# RECORDS PROVIDED
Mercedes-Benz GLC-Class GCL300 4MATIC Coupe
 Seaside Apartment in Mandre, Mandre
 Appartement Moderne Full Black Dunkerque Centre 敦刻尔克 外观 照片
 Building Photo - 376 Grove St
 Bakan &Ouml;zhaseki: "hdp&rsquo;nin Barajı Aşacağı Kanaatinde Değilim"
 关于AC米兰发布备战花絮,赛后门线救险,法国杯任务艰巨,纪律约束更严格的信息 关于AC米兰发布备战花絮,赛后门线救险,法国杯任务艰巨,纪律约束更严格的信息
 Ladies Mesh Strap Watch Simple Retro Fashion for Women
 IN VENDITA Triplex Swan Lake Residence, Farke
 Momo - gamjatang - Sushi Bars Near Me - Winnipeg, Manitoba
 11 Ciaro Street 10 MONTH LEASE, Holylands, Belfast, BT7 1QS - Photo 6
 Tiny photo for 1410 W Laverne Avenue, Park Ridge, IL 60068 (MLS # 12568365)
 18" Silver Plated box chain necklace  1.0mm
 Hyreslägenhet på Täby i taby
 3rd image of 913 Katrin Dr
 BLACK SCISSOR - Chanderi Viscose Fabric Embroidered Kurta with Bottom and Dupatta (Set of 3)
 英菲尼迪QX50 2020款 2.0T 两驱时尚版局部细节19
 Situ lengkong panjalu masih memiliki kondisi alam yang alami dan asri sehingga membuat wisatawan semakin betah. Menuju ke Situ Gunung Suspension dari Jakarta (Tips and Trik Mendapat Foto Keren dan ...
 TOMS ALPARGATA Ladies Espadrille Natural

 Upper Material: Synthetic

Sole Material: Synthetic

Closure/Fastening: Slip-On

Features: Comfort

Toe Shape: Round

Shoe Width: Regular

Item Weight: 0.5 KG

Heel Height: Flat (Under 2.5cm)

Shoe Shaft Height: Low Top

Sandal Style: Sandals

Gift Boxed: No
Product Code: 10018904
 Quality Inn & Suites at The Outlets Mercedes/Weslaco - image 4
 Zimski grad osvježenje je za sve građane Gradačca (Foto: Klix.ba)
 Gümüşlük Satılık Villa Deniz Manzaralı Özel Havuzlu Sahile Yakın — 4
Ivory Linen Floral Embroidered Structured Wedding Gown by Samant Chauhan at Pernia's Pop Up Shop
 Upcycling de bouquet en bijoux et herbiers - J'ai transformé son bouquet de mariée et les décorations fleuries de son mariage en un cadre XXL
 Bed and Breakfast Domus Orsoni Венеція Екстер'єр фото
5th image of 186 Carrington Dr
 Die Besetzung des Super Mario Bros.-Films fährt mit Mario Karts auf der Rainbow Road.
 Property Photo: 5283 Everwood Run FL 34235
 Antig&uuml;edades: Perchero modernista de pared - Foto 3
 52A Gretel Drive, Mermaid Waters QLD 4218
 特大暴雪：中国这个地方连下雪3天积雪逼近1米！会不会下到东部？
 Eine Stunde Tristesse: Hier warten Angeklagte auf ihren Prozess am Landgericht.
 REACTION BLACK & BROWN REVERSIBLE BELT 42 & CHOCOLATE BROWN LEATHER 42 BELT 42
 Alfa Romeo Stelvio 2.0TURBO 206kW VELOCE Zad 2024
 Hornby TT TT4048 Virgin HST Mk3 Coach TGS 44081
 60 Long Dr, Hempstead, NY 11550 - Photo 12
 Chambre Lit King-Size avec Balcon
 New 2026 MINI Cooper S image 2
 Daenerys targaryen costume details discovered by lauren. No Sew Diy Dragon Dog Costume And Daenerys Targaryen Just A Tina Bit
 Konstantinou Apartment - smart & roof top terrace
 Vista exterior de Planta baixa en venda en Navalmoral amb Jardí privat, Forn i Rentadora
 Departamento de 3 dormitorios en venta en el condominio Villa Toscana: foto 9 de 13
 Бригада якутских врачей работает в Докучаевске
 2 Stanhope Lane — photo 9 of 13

# TO DO
The response should hold exactly the lines starting at the line with "特大暴雪：中国这个地方连下雪3天积雪逼近1米！会不会下到东部？" and ending at the line with "Бригада якутских врачей", and no other line of the material above.

# RESULT OF THE EXERCISE
 特大暴雪：中国这个地方连下雪3天积雪逼近1米！会不会下到东部？
 Eine Stunde Tristesse: Hier warten Angeklagte auf ihren Prozess am Landgericht.
 REACTION BLACK & BROWN REVERSIBLE BELT 42 & CHOCOLATE BROWN LEATHER 42 BELT 42
 Alfa Romeo Stelvio 2.0TURBO 206kW VELOCE Zad 2024
 Hornby TT TT4048 Virgin HST Mk3 Coach TGS 44081
 60 Long Dr, Hempstead, NY 11550 - Photo 12
 Chambre Lit King-Size avec Balcon
 New 2026 MINI Cooper S image 2
 Daenerys targaryen costume details discovered by lauren. No Sew Diy Dragon Dog Costume And Daenerys Targaryen Just A Tina Bit
 Konstantinou Apartment - smart & roof top terrace
 Vista exterior de Planta baixa en venda en Navalmoral amb Jardí privat, Forn i Rentadora
 Departamento de 3 dormitorios en venta en el condominio Villa Toscana: foto 9 de 13
 Бригада якутских врачей работает в Докучаевске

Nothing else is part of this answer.